College Algebra, Chapter 2, 2.4, Section 2.4, Problem 60

Use slopes to determine whether the given points are collinear.

a.) $(1, 1), (3,9), (6,21)$

b.) $(-1,3), (1,7), (4, 15)$

a.) Let $m_1$ be the slope through points $(1,1)$ and $(3, 9)$, $m_2$ be the slope through points $(1, 1)$ and $(6, 21)$, $m_3$ be the slope through $(3, 9)$ and $(6, 21)$.


$
\begin{equation}
\begin{aligned}

m_1 =& \frac{9 - 1}{3 - 1} = \frac{8}{2} = 4
\\
\\
m_2 =& \frac{21 - 1}{6 - 1} = \frac{20}{5} = 4
\\
\\
m_3 =& \frac{21 - 9}{6 - 3} = \frac{12}{3} = 4

\end{aligned}
\end{equation}
$


Since $m_1 = m_2 = m_3$, all the points are collinear.

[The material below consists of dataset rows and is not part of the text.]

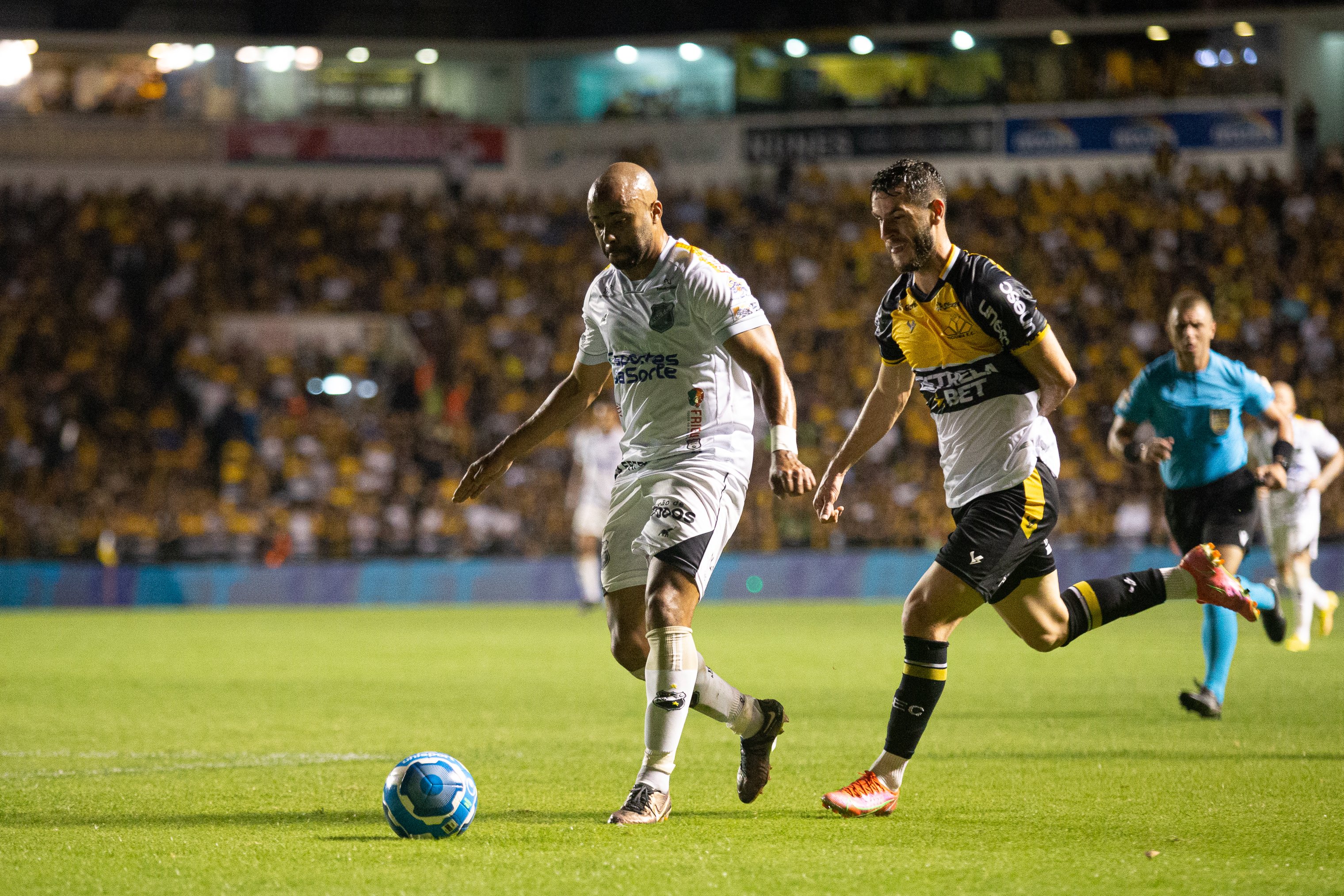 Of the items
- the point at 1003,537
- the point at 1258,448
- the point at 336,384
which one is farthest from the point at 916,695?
the point at 336,384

b.) Similarly, let $m_1$ be the slope through $(-1, 3)$ and $(1, 7)$

$\qquad m_2$ be the slope through $(1,7)$ and $(4,15)$

$\qquad m_3$ be the slope through $(-1,3)$ and $(4, 15)$


$
\begin{equation}
\begin{aligned}

m_1 =& \frac{7 - 3}{1 - (-1)} = \frac{4}{2} = 2
\\
\\
m_2 =& \frac{15 - 7}{4 - 1} = \frac{8}{3}
\\
\\
m_3 =& \frac{15 - 3}{4 - (-1)} = \frac{12}{5}

\end{aligned}
\end{equation}
$


Since $m_1 \neq m_2 \neq m_3$, the points do not lie on the same line.